** DATASET EXTRACT **
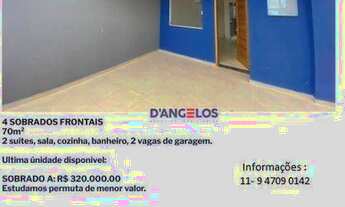 Imagem: Sobrado com 2 dormitórios à venda, 70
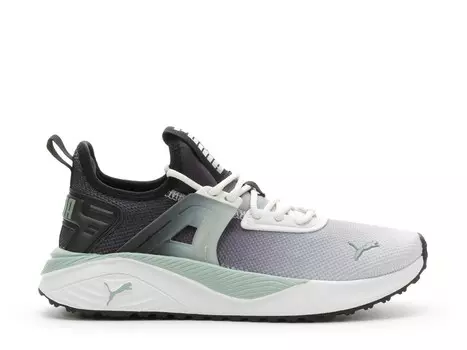 Кроссовки женские Puma Pacer 23 AOP Fade, серый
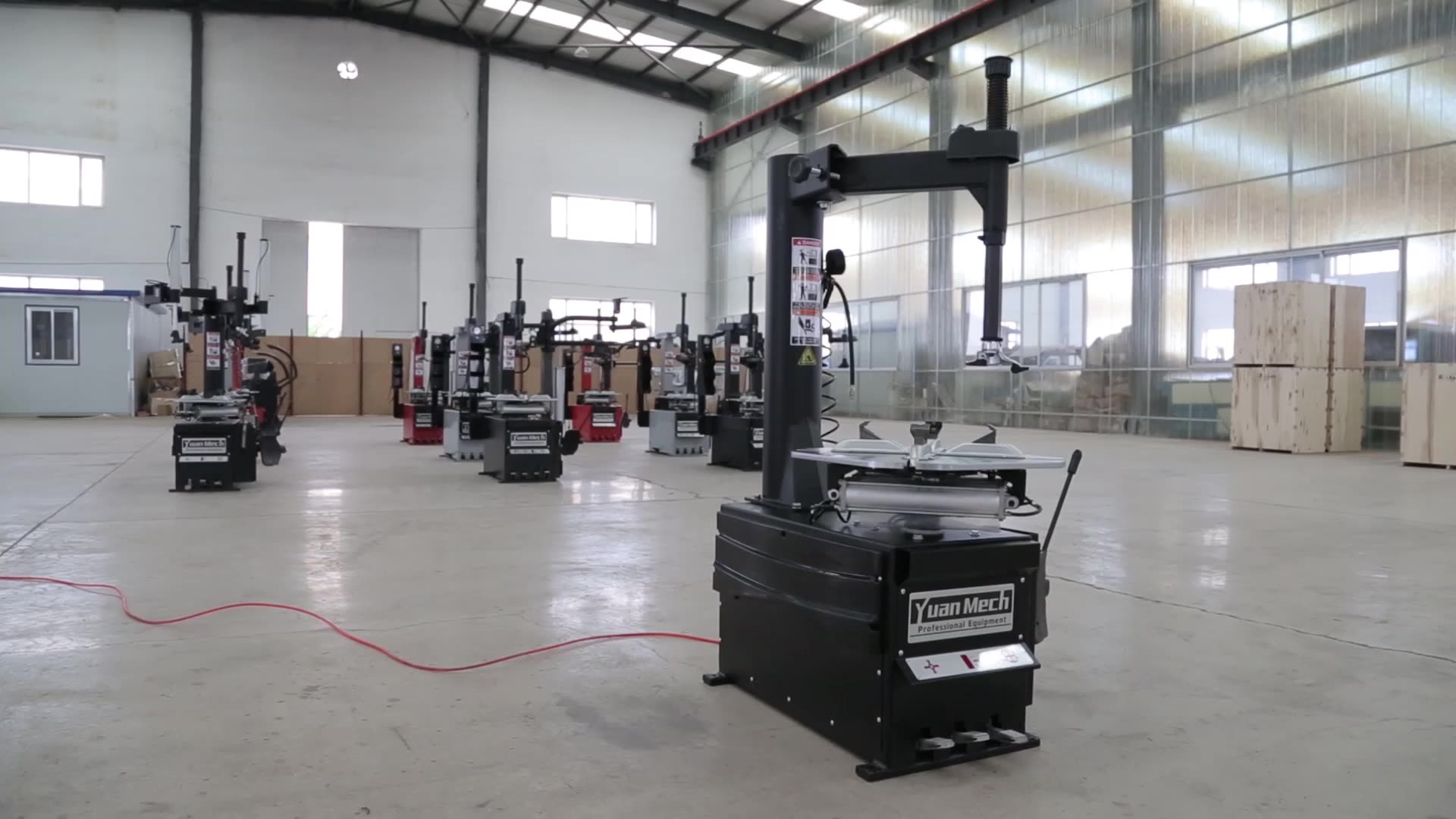 Wholesale C955 Tyre Shop Equipment Tire Changers Wheel Repair Machine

** ABOUT THIS EXERCISE **
Print every line of the material above exactly as it reads, skipping the pictures.

** COMPLETED TASK **
 Imagem: Sobrado com 2 dormitórios à venda, 70
 Кроссовки женские Puma Pacer 23 AOP Fade, серый
 Wholesale C955 Tyre Shop Equipment Tire Changers Wheel Repair Machine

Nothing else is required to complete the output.